Task item: A verbatim copy is needed of the lines below from the one containing "在學(xué)校演出獲得成功" up to and including the one containing "Spade Tattoo 215", excluding pictures.

Provided entries:

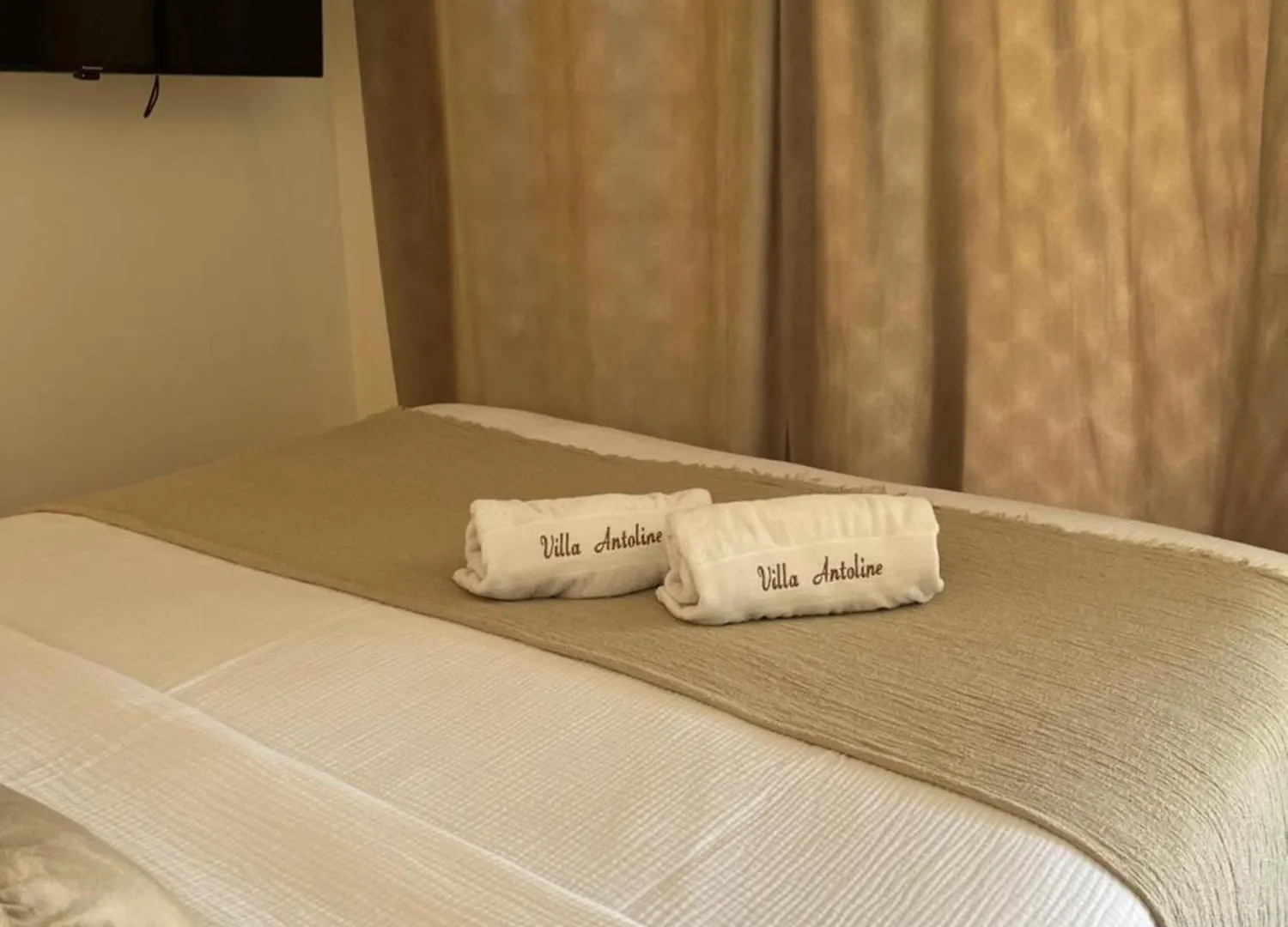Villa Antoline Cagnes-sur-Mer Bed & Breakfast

--

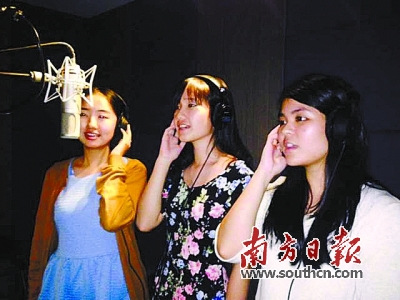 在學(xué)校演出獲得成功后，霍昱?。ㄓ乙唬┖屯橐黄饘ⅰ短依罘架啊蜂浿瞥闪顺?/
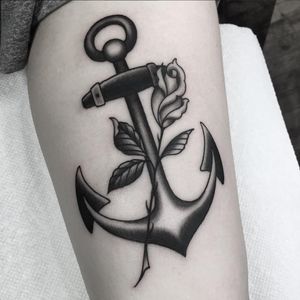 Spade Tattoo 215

Solution:
 在學(xué)校演出獲得成功后，霍昱?。ㄓ乙唬┖屯橐黄饘ⅰ短依罘架啊蜂浿瞥闪顺?/
 Spade Tattoo 215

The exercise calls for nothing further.